Lastly, unless you're actually running out of disk space, I wouldn't worry that much about stale files - they will eventually get deleted as part of automatic database checkpoints. I believe (although believe is the keyword here) that even though it may have slow "startup time", GC will keep up with physically deleting files if you run your test steadily for a longer period of time (minutes?).
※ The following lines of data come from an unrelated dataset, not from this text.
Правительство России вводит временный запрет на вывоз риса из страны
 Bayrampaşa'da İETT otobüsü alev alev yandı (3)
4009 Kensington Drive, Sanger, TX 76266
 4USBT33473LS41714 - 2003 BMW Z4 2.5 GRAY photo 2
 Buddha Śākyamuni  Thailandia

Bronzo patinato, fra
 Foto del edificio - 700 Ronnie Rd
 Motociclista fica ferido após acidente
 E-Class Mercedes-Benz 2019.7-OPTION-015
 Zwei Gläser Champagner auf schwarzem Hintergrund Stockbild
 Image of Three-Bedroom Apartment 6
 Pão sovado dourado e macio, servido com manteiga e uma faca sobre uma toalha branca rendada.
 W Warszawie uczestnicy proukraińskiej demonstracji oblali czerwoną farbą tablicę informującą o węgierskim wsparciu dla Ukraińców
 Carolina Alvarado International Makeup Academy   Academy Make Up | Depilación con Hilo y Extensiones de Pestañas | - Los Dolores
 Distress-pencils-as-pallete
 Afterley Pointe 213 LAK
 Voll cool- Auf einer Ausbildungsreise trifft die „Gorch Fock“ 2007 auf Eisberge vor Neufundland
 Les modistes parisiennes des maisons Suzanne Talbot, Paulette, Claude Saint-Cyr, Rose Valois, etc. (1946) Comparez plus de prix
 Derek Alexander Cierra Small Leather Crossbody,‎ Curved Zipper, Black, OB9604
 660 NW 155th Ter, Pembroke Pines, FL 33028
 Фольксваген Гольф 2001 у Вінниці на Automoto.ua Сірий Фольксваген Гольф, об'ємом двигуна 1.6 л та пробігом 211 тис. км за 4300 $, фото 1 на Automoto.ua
If you care about performance, keeping filestream containers on a system drive may not be such a good idea. See here for filestream performance tips.

Pawel Marciniak
I guess you're right, I'll give it a try with a more sustained load and see how it react. As for the "limit on the number of operations it may carry on in a single invocation" do we know this limitation, is there a way to raise that limit? I'm just hoping I won't hit a wall in the future.
Benoittr
I tried the sustained scenario and after 40 minutes of runtime the same problem is observable filecount is around 5000 : files get created faster then they are deleted. (I updated the main post with the observations).
Benoittr
+2  A: 

After some more research (and thanks to Paul Randal's blog - lots of very detailed information surrounding filestream and garbage collection), once the rows are deleted and a checkpoint is executed, the files are put in a system table (Tombstone table), then every 10 seconds a process (Ghost Cleanup) runs and remove some items from that table (20 to be exact). So basically we are limited to 2 deletes/seconds and there seems to be no way (yet) to change this behavior.

Since I have a sustained 4 deletes per seconds I will need to find an alternative to filestream.

Thanks everyone for your inputs.

Benoittr